"Do you know the Emmaus Story?"
For the past two Sundays we've had this question posed on signs at the entrances to church. Well, do you know it?
The story of two disciples meeting a stranger on their walk from Jerusalem to Emmaus is our parish "icon in words" for this year, chosen by our Vestry during a weekend of prayer. An icon is an image (or for us, story) through which we are helped to see God. And we've encapsulated the Emmaus Road with the words Walking together. Recognizing Jesus. Practicing resurrection.
And because it's an icon, our goal isn't just to know the story, but to find ourselves in the story. If you have 5 minutes, take a read through it at the link above, or in your Bibles at Luke 24:13-35. Notice that the "second disciple" on the road is not named.
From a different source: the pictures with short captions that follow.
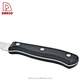 stainless steel knife set - DAKOO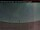 Webcam in Bonaventure, 118.2 km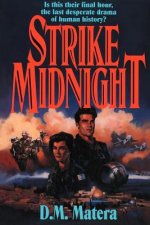 Strike Midnight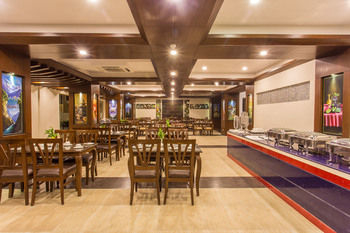 Others 4, Hotel Ichchha, Narayani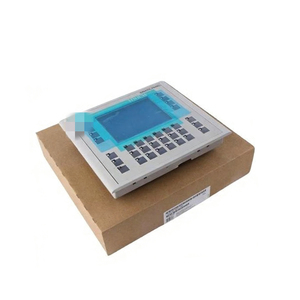 แบรนด์ใหม่6AV6642-0DC01-1AX0ต้นฉบับ OP177B DP 6AV6642-0DC01-1AX0 OP177B DP - Product Image 3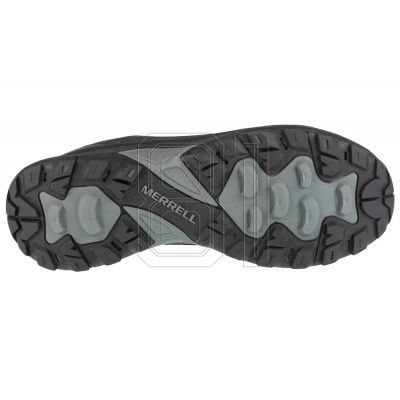 4. Merrell Speed Strike 2 WP M J037841 Schuhe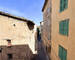 Maison en pierre au cœur de Trans-en-Provence  - Img 1252-fotor-2026063094719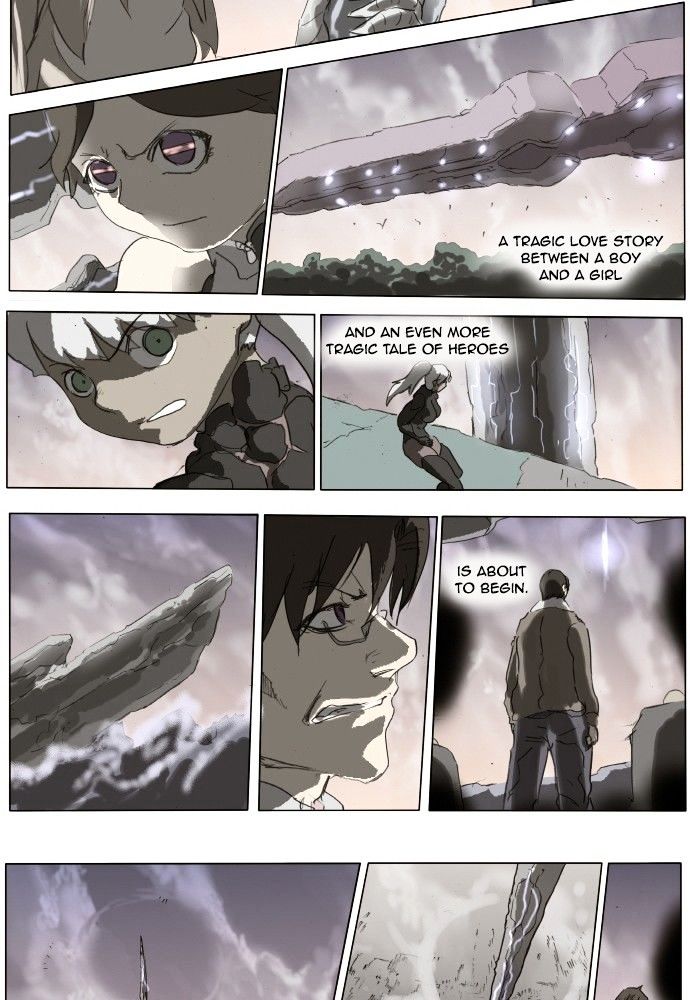 Page 15 of Chapter 148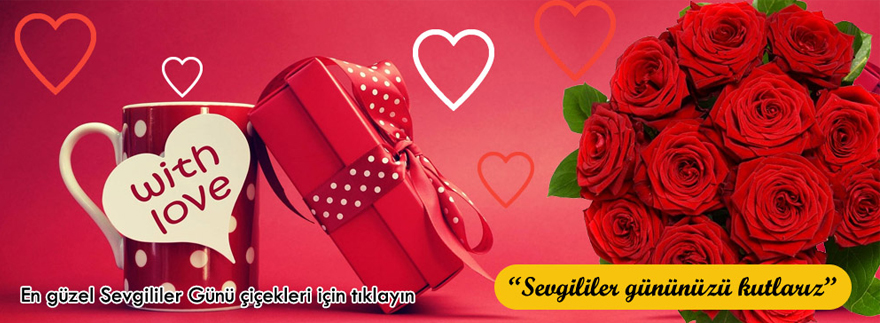Ana Sayfa Slayt 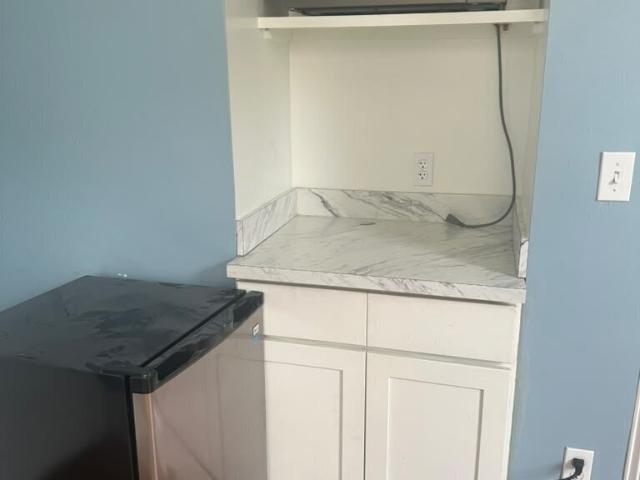 Apartment for rent in Mount Vernon, New York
And also I find it marvelous that scholars aren't quite sure where Emmaus truly was. So perhaps that other disciple is you. And perhaps you or I are on the Emmaus Road today, and might break bread with Jesus in that town this very evening.
Where are you in the Emmaus Story?
All this year we'll we quietly asking this question and sharing what we notice in ourselves and our community; in meetings, in worship, in conversation, and in service.
Where are you Walking Together, Recognizing Jesus, or Practicing Resurrection?
This Sunday we will worship with our Christian siblings at First Church, United Church of Christ. I expect that, gathered for communion and the Word, we may experience all three, in fact. But it's so much more fun in specifics, and those only come alive in the living of them. I hope you can be there and would love to hear what you experience. I hope you have been or can come to our Sunday morning formation in which people are naming these moments in their life. I hope you might drop into our upcoming Advent study. Or speak up during one of our "Enacted Gospel" reflection times. Or (*gasp*) notice Holy Companionship, Christ's Presence, and Resurrection right out in your daily life, and come running back to share it with your Christian family.
Watching the world through this specific lens, together, gives us common language for experiences of the Holy that sometimes slip by unremarked, uncelebrated. This year, we celebrate! This year, we're walking to Emmaus.